“7 things I learned as a trainer” – EDIT. – Disruptive Digital Education

“7 things I learned as a trainer”

Artigo

Partilhamos um artigo de Catarina Garcia, UX/UI Designer, Trainer e Design Thinker, onde nos fala daquilo que tem sido a sua experiência como tutora na EDIT. Porto

Two years ago, a good friend of mine, who is an exceptional UX Designer was starting working as a trainer. In the school where she was lecturing (EDIT.), there were some available positions, as she invited me to apply for the interview for Visual Design class.

Total Panic!

I cannot imagine myself speaking in front of a group of people. I conducted some workshops in the past, for small groups of people in a design atelier, not in a school. I started telling myself that if I did it successfully before I didn’t have reasons to be afraid and it would be a great opportunity to face my fear of speaking in public.

The interview went great and in March of 2015 I started working as trainer.

As a Visual Design trainer in a Ux-Ui Design course, I talk about typography for digital, icons, digital color, image and video usage, semiotics… in a second moment we (I have two more colleagues) guide students designing a responsive website (usually e-commerce).

So, now, 2 years and a couple of months later, I can realize I learned some important things for my life:

1. Be myself

As a student, we saw everything in a teacher. It‘s not different here. Our trainees see everything, they realize when I know the subjects and when I have few knowledge. And, of course, they know all my shoes, clothes and rings on my fingers. It’s important to feel comfortable with my knowledge. I don’t need to be Tobias Van Schneider to be a trainer.

2. Show my references

Prove students that you are not talking about subjects because you dream of it.

In all my classes I bring 2–3 important books with me that I read about the subject (when there are more then 3 i take a picture of them). At dinner time (in the middle of the class), I let them explore my books. I always give urls I visited as well. It’s an academic detail, but usually it increases students’s interest in the subject a lot.

3. I don’t know everything

And it’s ok! I am not google and I was always honest about that. There’s no shame in admitting it. When they ask a question and I am not sure about the answer, I usually return the question to the class. If someone knows the answer, it’s a big opportunity for me to learn (but always check the answer 😉  Otherwise, I take note of the question and give them the answer in the following class or via slack.

4. (What I know) vs (What they need to know) vs (What I teach)

It’s the biggest challenge.

When I receive the course guidelines I realise there are lots of things I could talk about of each item. The temptation of preparing a keynote with 1000 slides is huge.

Most of the time, they are not worried if you are an encyclopedia. What they need is the fundamentals, the precise knowledge to start working. If they are interested, they will ask for a deeper approach. They don’t expect me to know a lot but to give them what they need to get the job done (and of course, they love the tips that speed up their process).

5. Give feedback not opinion

What is your opinion? Relax, I will not explore the philosophical side of the question, but when you mentor the development of a project you make this question for yourself.

It is not important if you like it or not, if it’s your style or not, but if it solves the problem correctly. If it is consistent, follows usability guidelines and visual trends than it fits my digital taste.

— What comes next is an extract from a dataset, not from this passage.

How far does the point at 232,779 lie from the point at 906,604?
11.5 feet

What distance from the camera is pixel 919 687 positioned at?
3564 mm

Sometimes students get mad with me about this. But they need to realize that, in the real world, most of the time they will not be able to choose the projects they are working on, and they will be designing digital solutions for clients or subjects they don’t identify with. But, as designers, they need to give their best to create the greatest solution. So, I am always aware in not giving my opinion, because opinions don’t solve problems.

There is a incredible book called “Discussing Design” — that talks about giving feedback of a design work — check it here (nobody is paying me to advertise) .

6. Team work

My training sessions are not exclusively mine. I have two more colleagues with me on this course (ux and ui specialists), and I need to conduct my sessions always having in mind that, I didn’t lecture before and the following session won’t probably be with me (the sequence of our sessions respect the design process of a digital solution). Like in a design team, as a trainer, communication is the key and I need to follow their topics. Otherwise, I get lost and I can’t give my students the proper mentoring because I will be talking about subjects my colleagues mentioned before.

7. I grow faster

Lots of things changed in my routine. I try to have a big attention to main sites of the speciality, new software in use. I need to be where my students are. They use the same internet as me (I hope you are laughing, but for some people, sometimes this idea isn’t obvious), and I need to know what they are talking about. I started using new softwares (otherwise I would still be using photoshop instead of sketchapp).

All of this is important for a designer but it gains a new dimension when you are a trainer. I could not procrastinate to read it later or my students would be laughing at me.

Simultaneously, I started training in a Design Thinking course. I learned a few more things about being a trainer. But, for now, I will leave it to another article

“There are two things you’ll lose in live if you don’t share them: love and knowledge” Mário Sérgio Cortella

  • Artigo originalmente publicado no Medium da Catarina Garcia.